Political concerns over Biden being associated with an Israeli ground offensive into Gaza are also exaggerated. Yes, the White House wants to mitigate Palestinian civilian casualties and the associated risks of tensions with its Arab allies, or Iranian escalation. Still, it is unlikely that any Israeli ground operation will lead to a humanitarian disaster in Gaza.

The Israelis want to recover the nearly 200 hostages that Hamas has hidden in the strip. Leveling Gaza will not achieve that objective nor conform to Israel’s moral standards. Israeli overhead surveillance of Gaza, via drones and aircraft, will also enable unprecedented targeting of Hamas infiltration units that approach Israeli ground units. And while Biden knows a ground operation will be bloody, he appears to recognize that it is also necessary. The scale of threat that Hamas has proven to pose is simply intolerable. The White House will accept that some criticism over Israeli action is inevitable.

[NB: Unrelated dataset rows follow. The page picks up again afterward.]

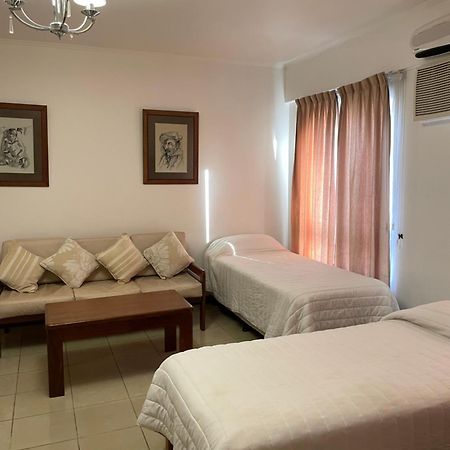 Julio Cesar Hotel Posadas Εξωτερικό φωτογραφία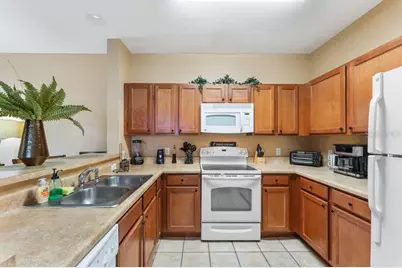 3174 Feltrim Place #201, Kissimmee, FL 34747 - Photo 4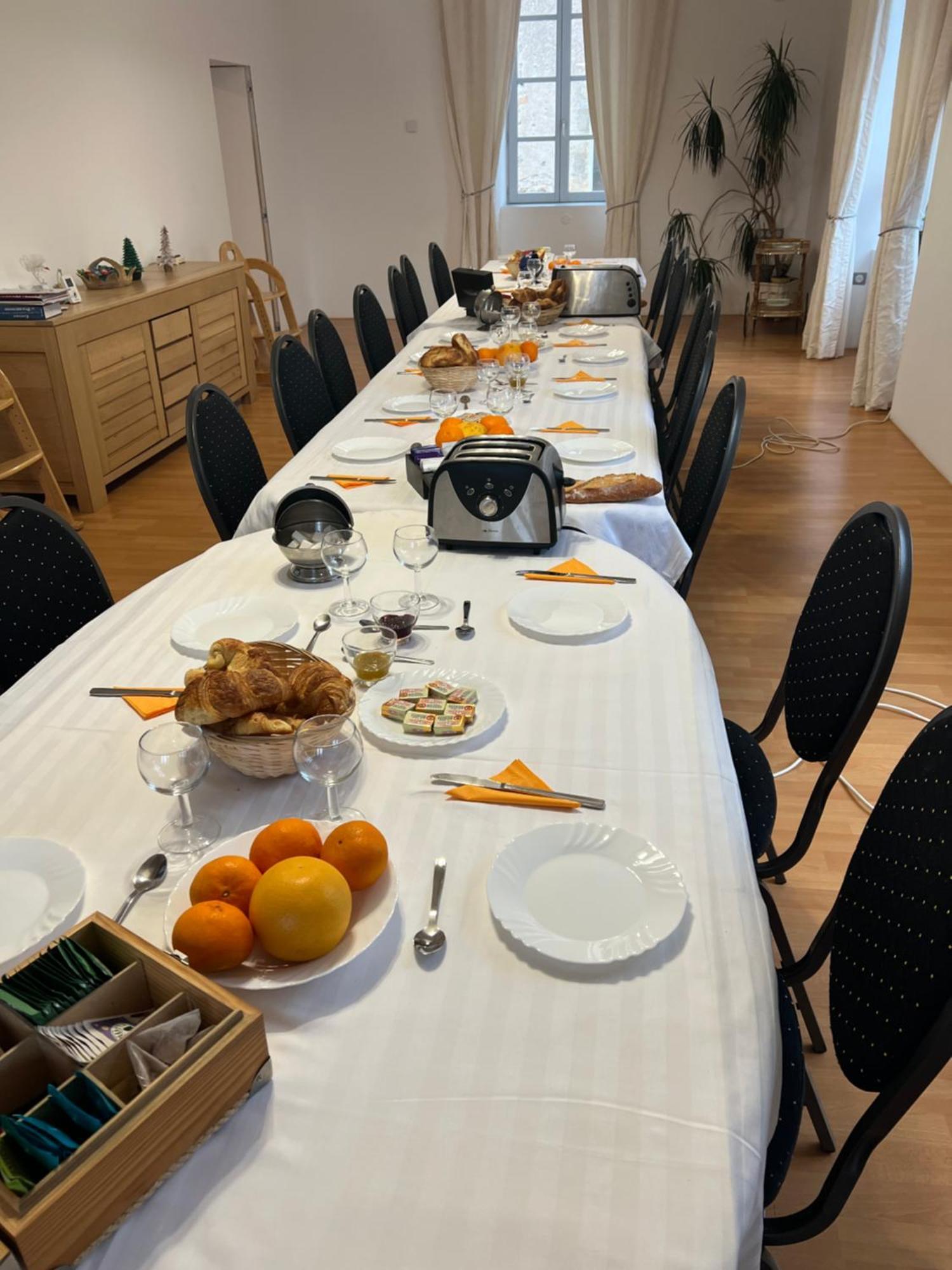 Chateau Camus Bed & Breakfast Montmarault Bagian luar foto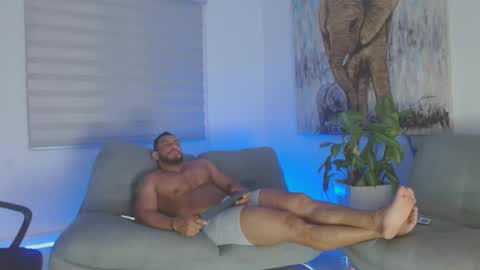 Snapshot of dominic_hulk1 chatting on January 19, 2025, 5:05 am dominic_hulk1 online show from January 19, 2025, 5:05 am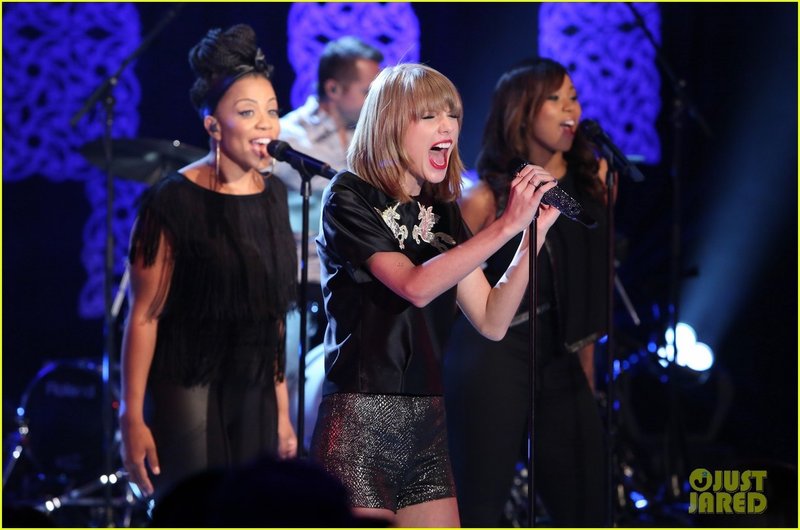 Taylor Swift at The Ellen Degeneres Show — photo 9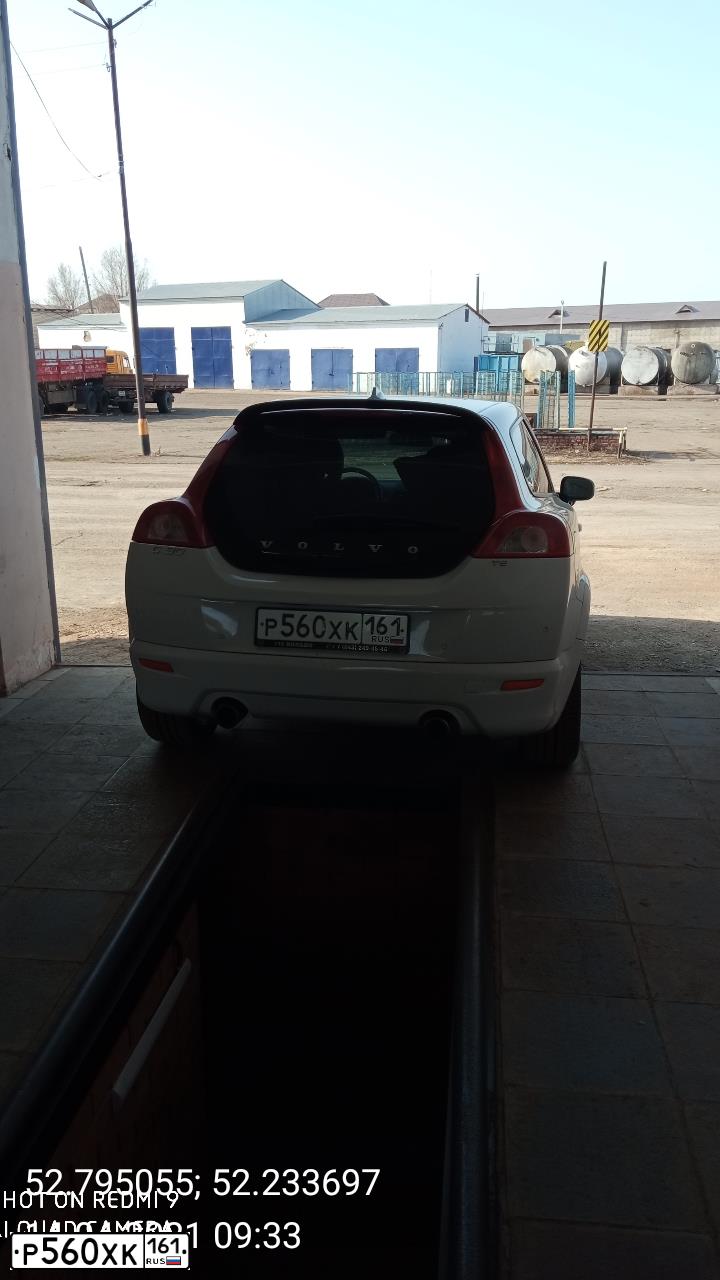 Фото автомобиля VOLVO C30, 2008 — госномер О707ТВ61. Цвет: Белый
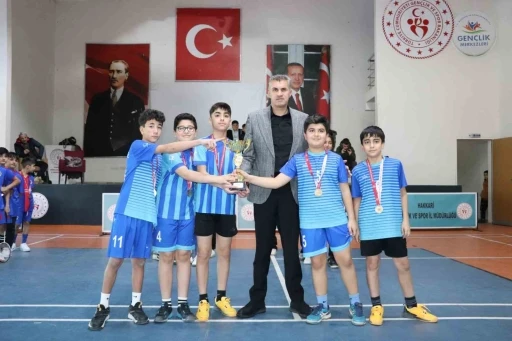 Hakkari’de badminton müsabakaları yapıldı
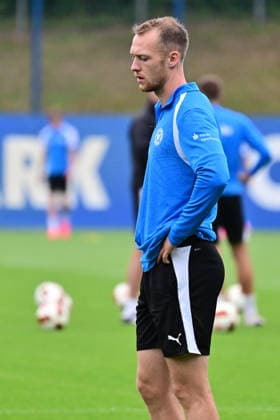28.07.2026, Fußball, Herren, 2.BL, Saison 2026 2027, Training Holstein Kiel Sebastian Schonlau Kiel, Projensdorf Projensdorf, Trainigsplatz Schleswig-Holstein Deutschland *** July 28, 2026, Soccer, Men s, 2nd Division, 2026–2027 Season, Holstein Kiel Training, Sebastian Schonlau, Kiel, Projensdorf, Projensdorf, Training Field, Schleswig-Holstein, Germany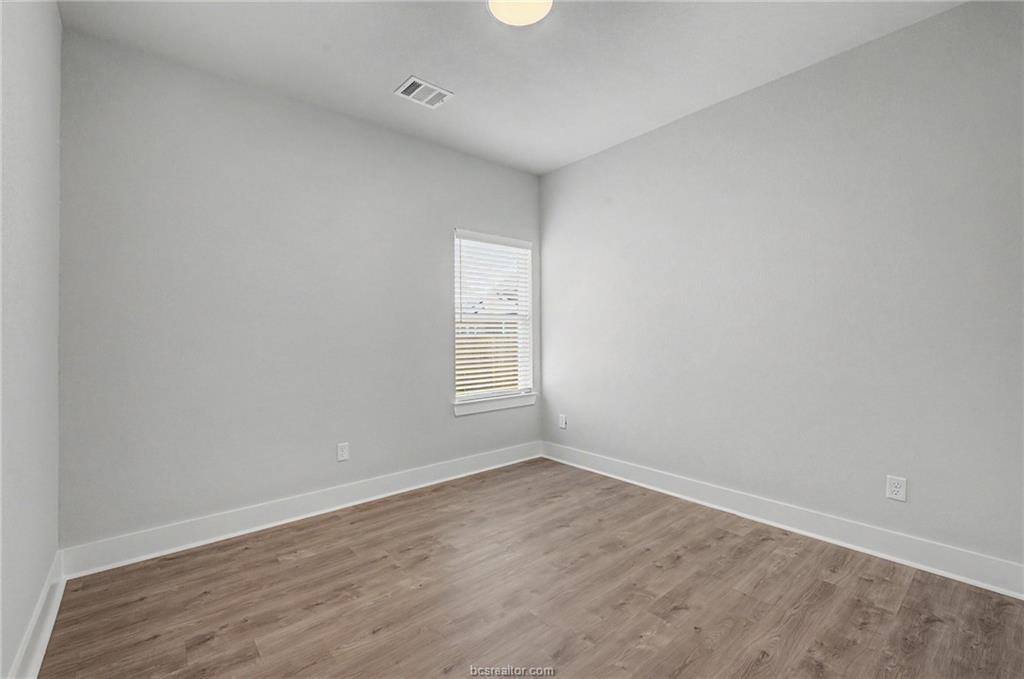 905 Fork Court, College Station, TX 77845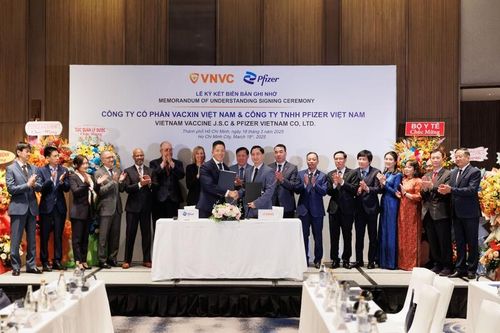 Hợp tác chia sẻ kiến thức trong sản xuất vắc xin tại Việt Nam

At the same time, however, Biden’s arrival in Israel would signal support to an ally and a Jewish people who have suffered a great loss. It would repudiate the moral vacuousness of too many in the West who believe Israelis somehow had this atrocity coming. It would draw contrast to the strategy that China and Russia are now applying toward Israel. And it would inject greater friction into Iran’s consideration of whether to join this war.